**TASK:**
With pictures removed, the data below should be returned exactly.

**STORED DATA:**
▬▬▬▬▬▬
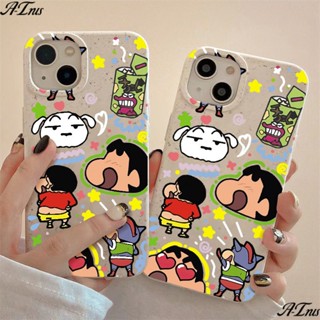 เคสโทรศัพท์มือถือแบบนิ่ม กันกระแทก ลายชินจัง สําหรับ Iphone 813 12 14pro plus 7 11 GTPE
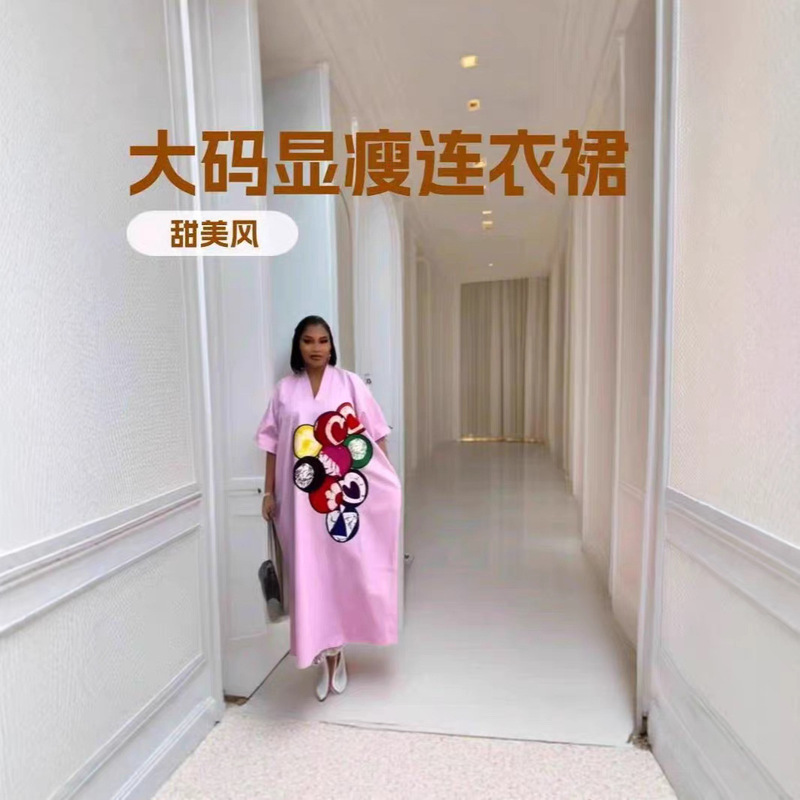 European and American Women's Clothing 2025 Summer New Style Sweet and Fresh Striped V-Neck Batwing Sleeve Loose Plus-Size Long Dress European and American Women's Clothing 2025 Summer New Style Sweet and Fresh Striped V-Neck Batwing Sleeve Loose Plus-Size Long Dress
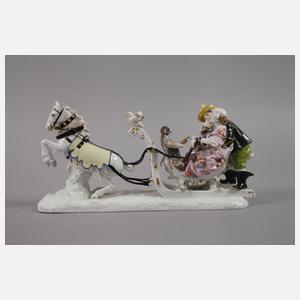 Meissen "Schlittengruppe mit Hofnarr Fröhlich"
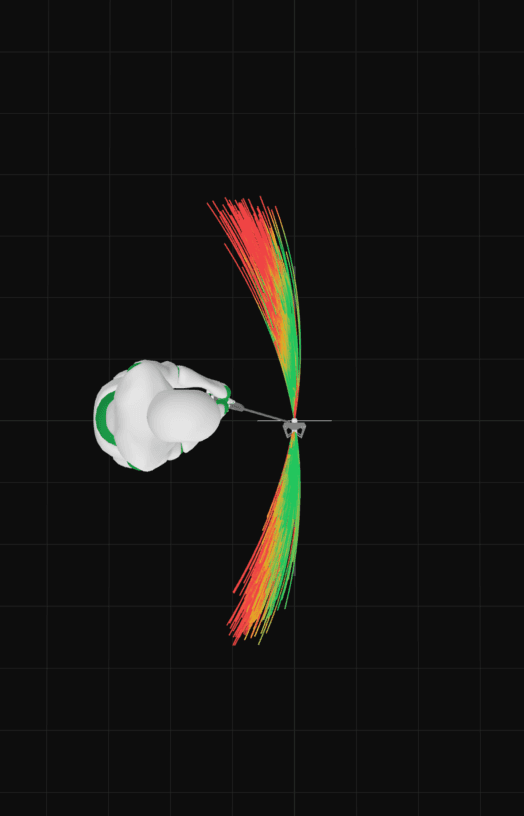 Software preview: 3D putter stroke visualization with face-angle deviation fan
▬▬▬▬▬▬
**EXERCISE RESULT:**
 เคสโทรศัพท์มือถือแบบนิ่ม กันกระแทก ลายชินจัง สําหรับ Iphone 813 12 14pro plus 7 11 GTPE
 European and American Women's Clothing 2025 Summer New Style Sweet and Fresh Striped V-Neck Batwing Sleeve Loose Plus-Size Long Dress European and American Women's Clothing 2025 Summer New Style Sweet and Fresh Striped V-Neck Batwing Sleeve Loose Plus-Size Long Dress
 Meissen "Schlittengruppe mit Hofnarr Fröhlich"
 Software preview: 3D putter stroke visualization with face-angle deviation fan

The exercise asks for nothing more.